If the motion is denied, the moving and answering papers shall be deemed the complaint and answer, respectively, unless the court orders otherwise."
"The distinguishing feature in the cases where the statutory procedure has been permitted, in contrast to those where it has been denied, is that, in the former, liability was predicated upon the terms of the writing plus proof of nonpayment establishing plaintiff's prima facie case and thus qualifying for accelerated treatment under CPLR 3213. In the latter situation, however, the document sued upon set forth something more than the simple promise by the defendant obligor to pay a sum of money" (Maglich v Saxe, Bacon & Bolan, 97 AD2d 19, 22 [1st Dept 1983]).
MZM has cited no case, and the Court has not found any, which holds that an appraisal award in similar circumstances qualifies as an "instrument for the payment of money only" under CPLR 3213. Summary judgment based on an instrument for the payment of money only "does not apply where the contract and the instrument are inextricably intertwined" (Montecalvo v Cat E., LLC, 128 AD3d 783, 784 [2d Dept 2015] quoting Vecchio v Colangelo, 274 AD2d 469, 471 [2d Dept 2000]).

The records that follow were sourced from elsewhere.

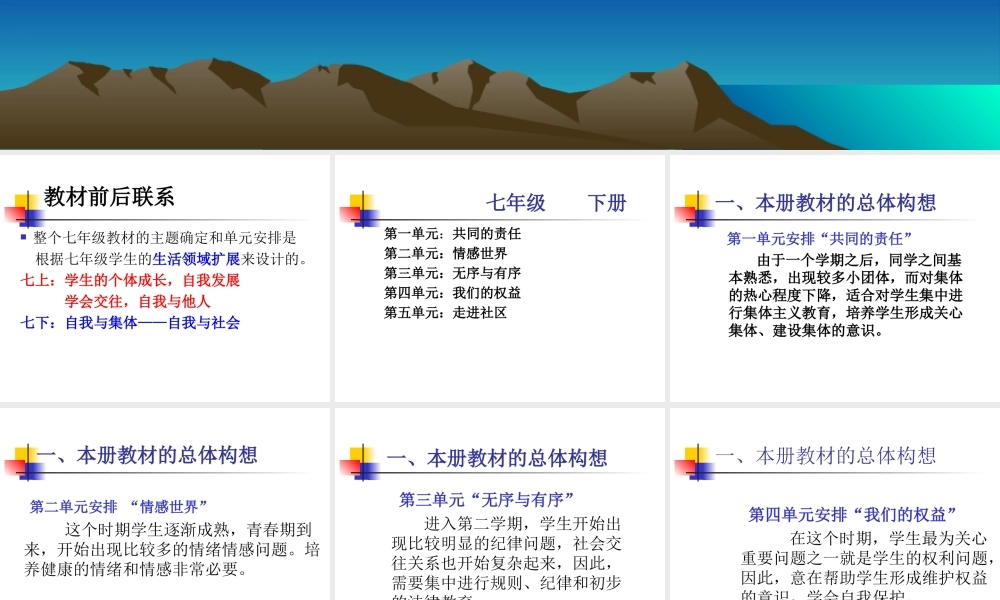 七年级下《思想品德》课件(全)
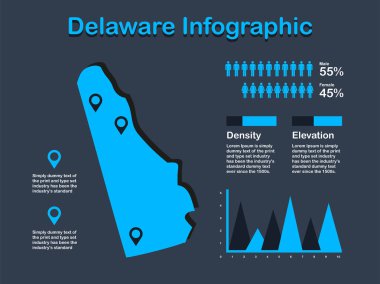 Koyu Arka Planda Mavi Renkte Bilgi Görsel ElemanLar Seti ile Delaware Eyaleti (Abd) Haritası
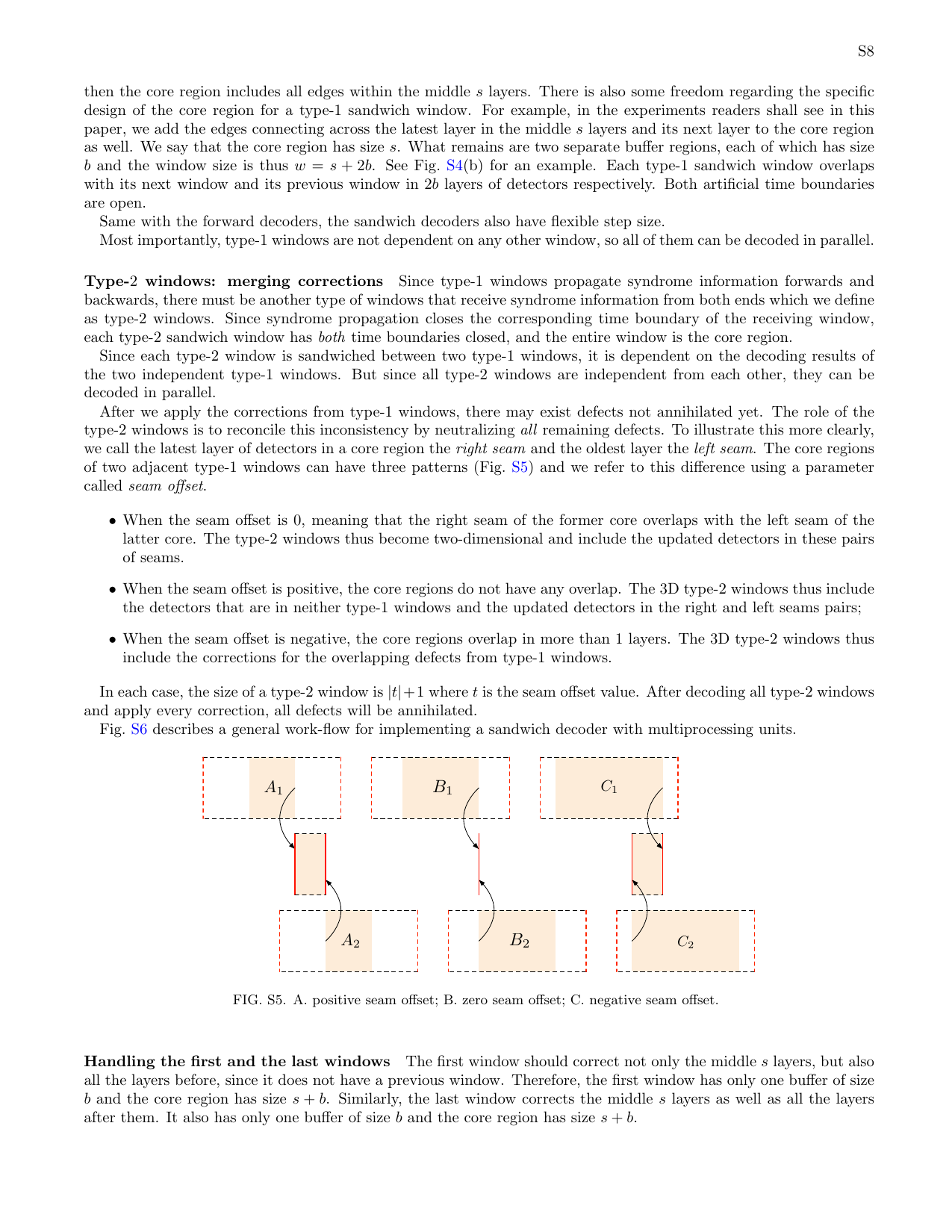 PDF page 14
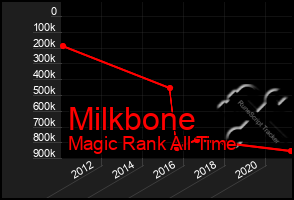 Total Graph of Milkbone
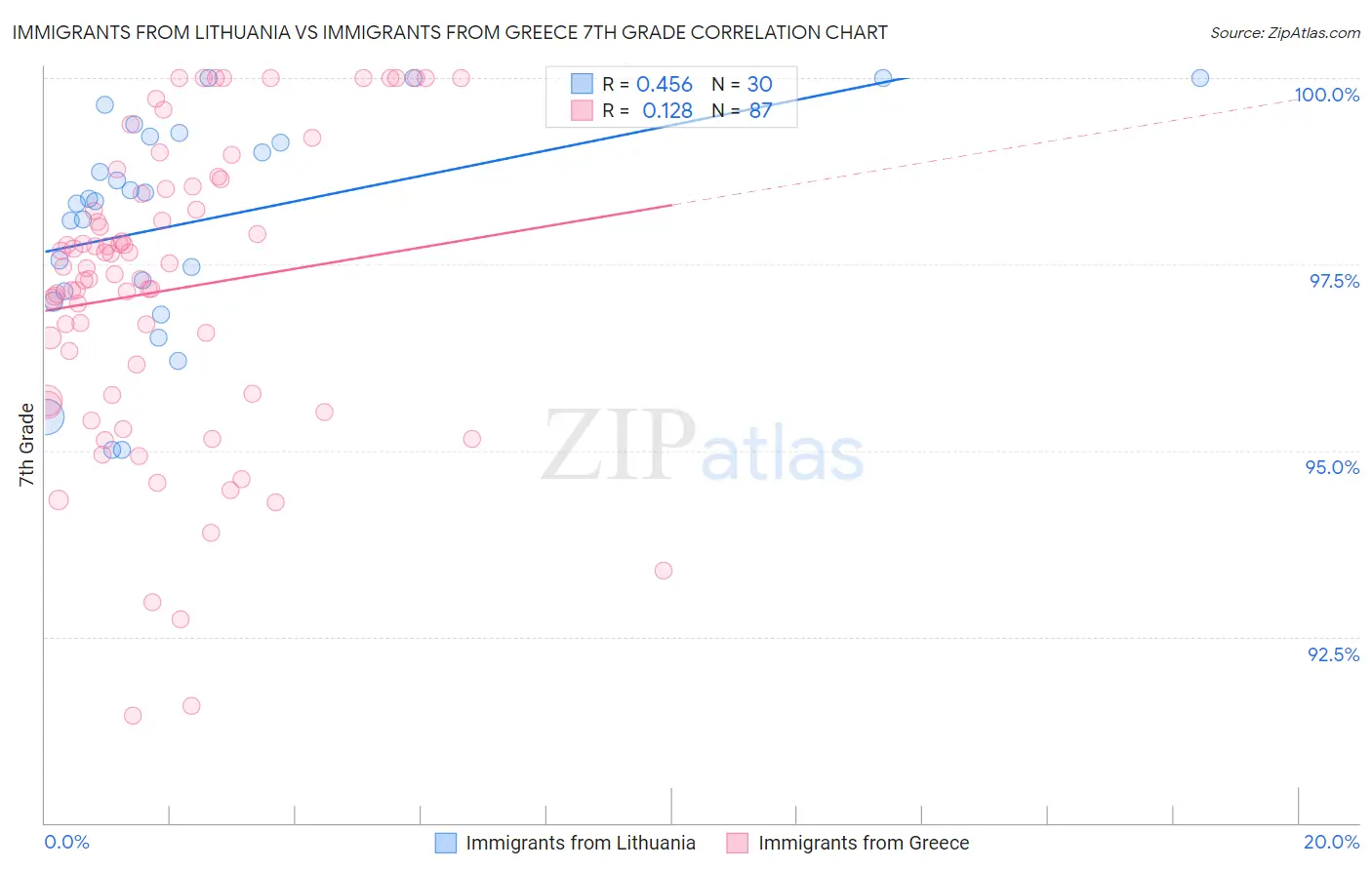 Immigrants from Lithuania vs Immigrants from Greece 7th Grade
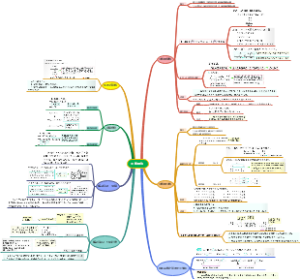 人教版五年级数学上册第一单元小数乘法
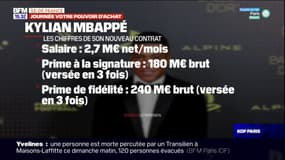 PSG: les émoluments de Mbappé questionnent sur la stratégie du club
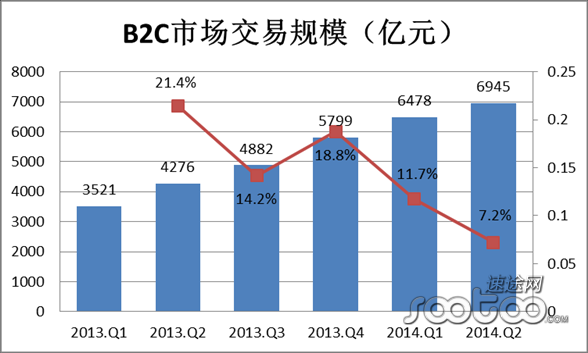 速途研究院：2014Q2 B2C市场行业分析报告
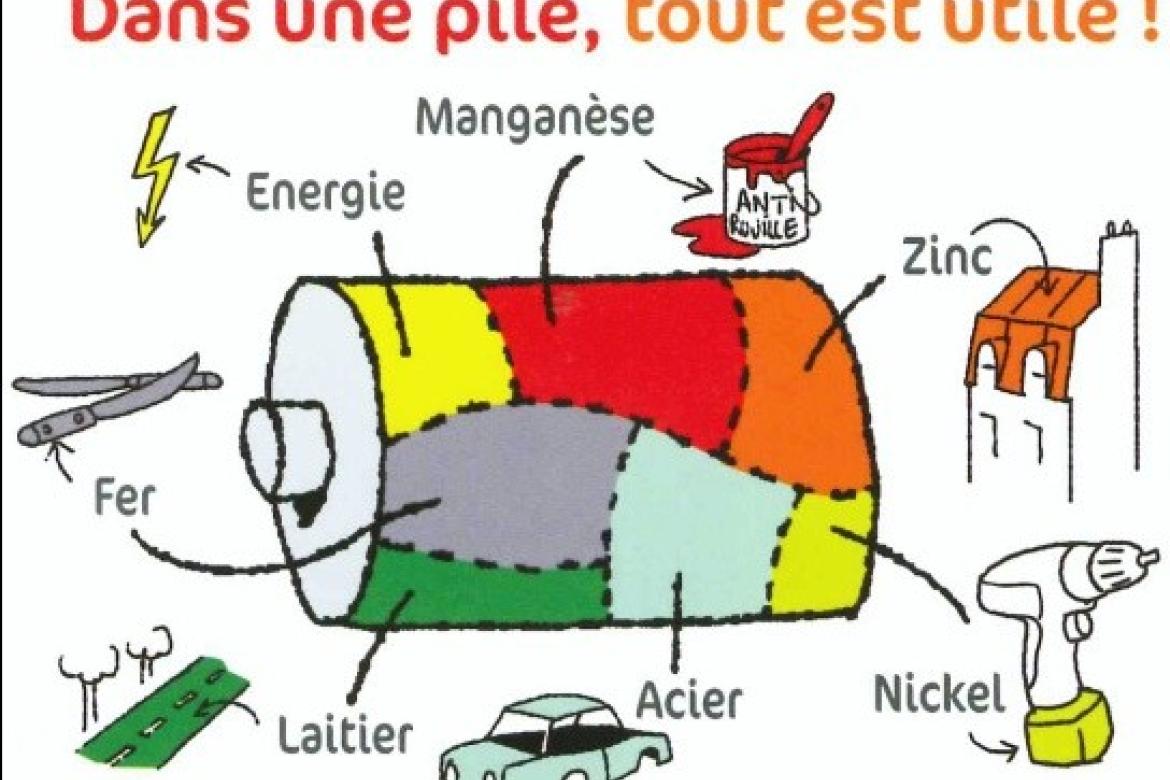 recyclage des piles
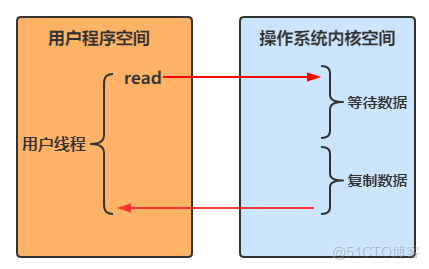 NIO基础与入门实例_NIO_19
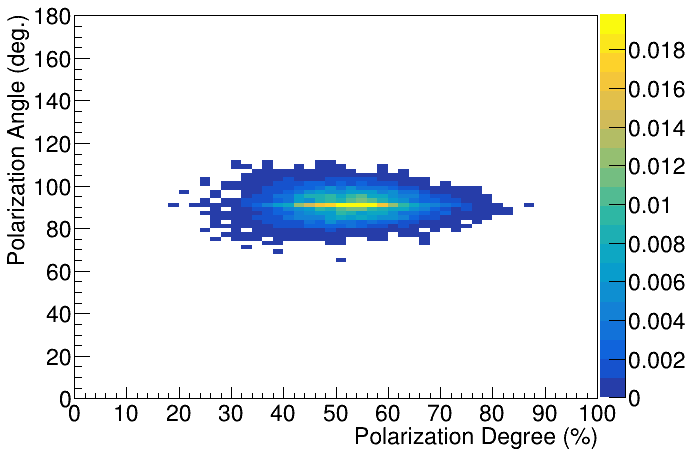 Figure 23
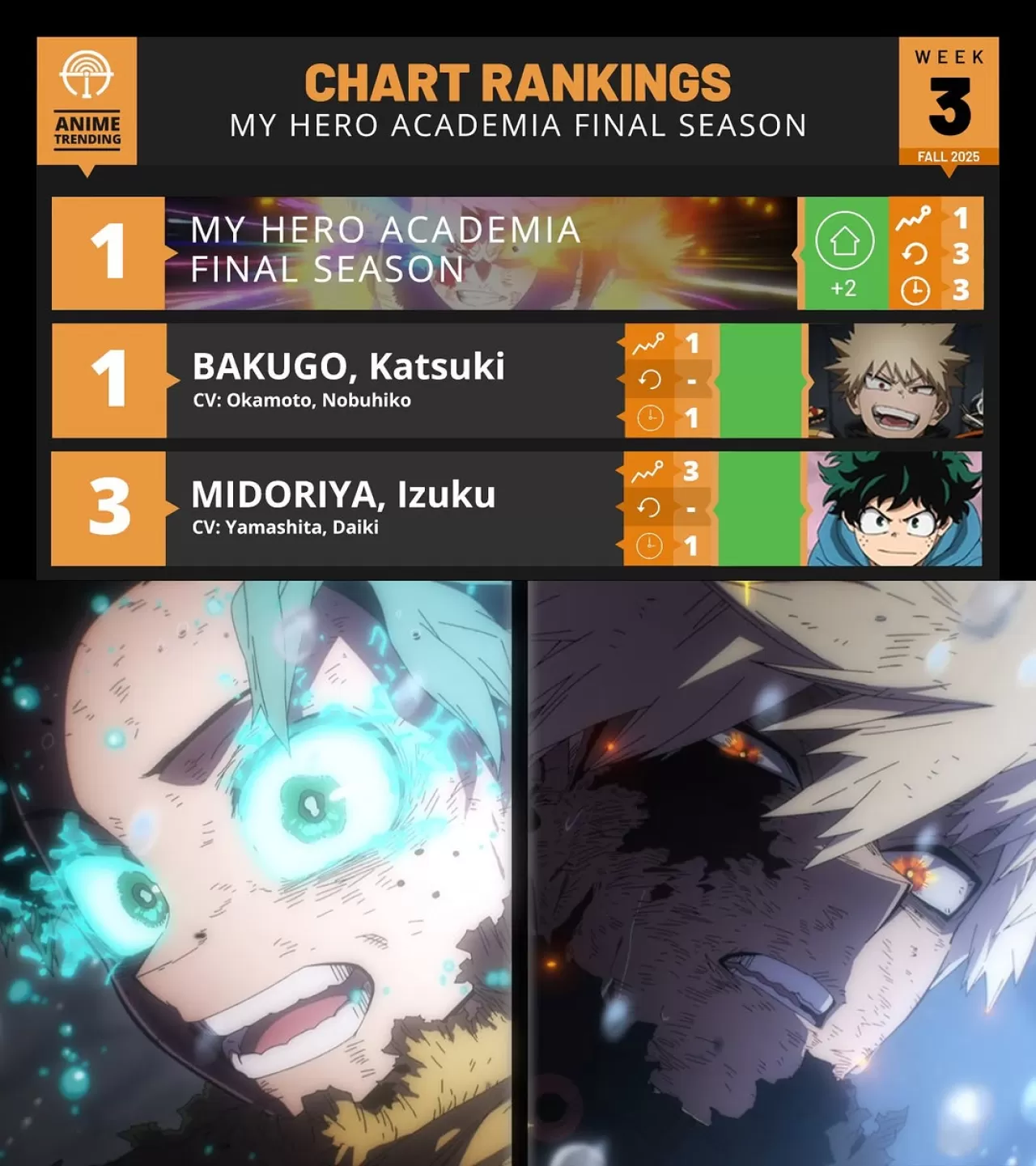 AniTrendz: My Hero Academia'nın En İyi Kahramanlarına Oy Verin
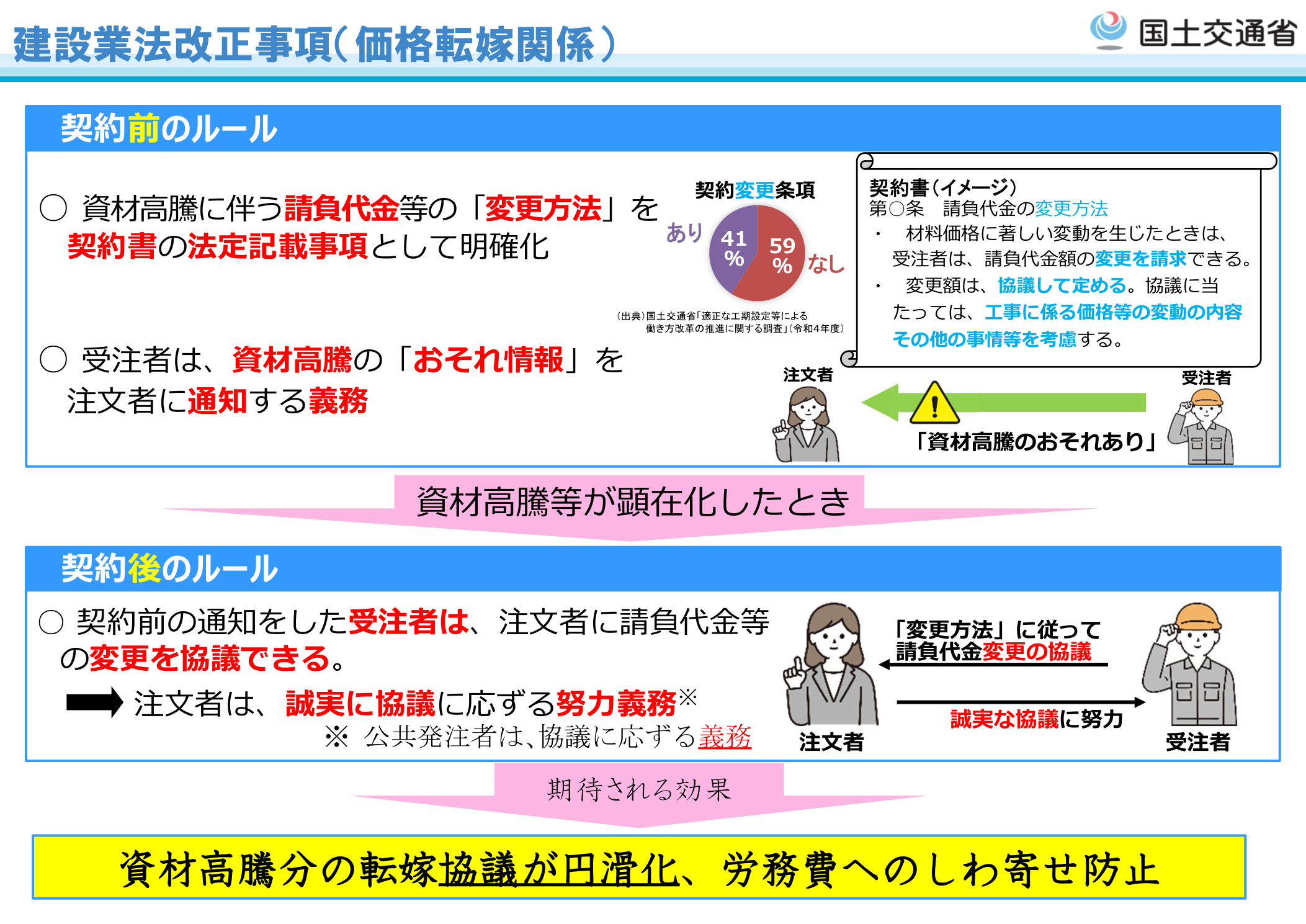 国土交通省 建設産業の現状と課題 参考資料集（令和8年4月） 建設業法改正事項（価格転嫁関係）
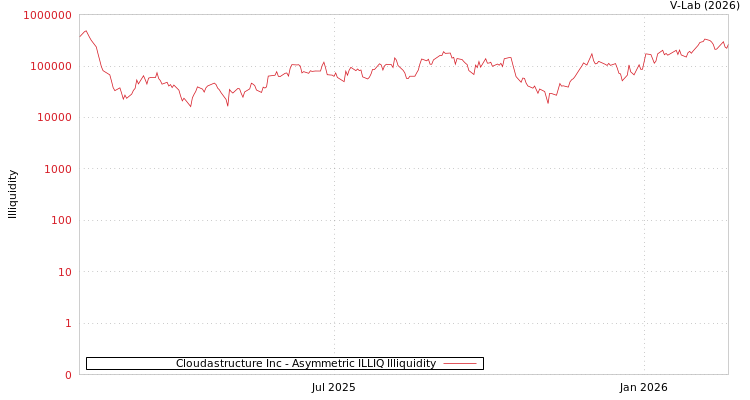graph of Cloudastructure Inc ILLIQ-AMEM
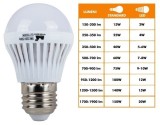 Bec Led Lumina Calda 5W - 674217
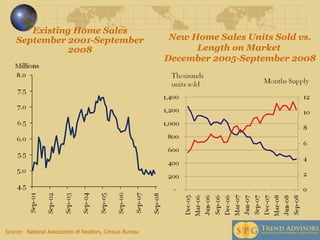 Existing Home Sales September 2001-September 2008 Source:  National Association of Realtors, Census Bureau  New Home Sales Units Sold vs. Length on Market  December 2005-September 2008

Here, the Appraisal Award is intertwined with the Policy, and cannot be read without reference to the Policy provisions. The face of the Appraisal Award form itself, provides that the amounts "are subject to deduction for any previous payments, policy provisions, and deductible(s)" (Notice of Motion, Wilkofsky Affirmation, Exhibit "1"). Thus, it is clear that the Appraisal Award is subject to the Policy. In turn, the Policy provision setting forth the procedures for obtaining an Appraisal Award, specifically provides "if there is an appraisal, we still retain our right to deny the claim" (Notice of Cross-Motion, Buckley Affirmation, Exhibit "6").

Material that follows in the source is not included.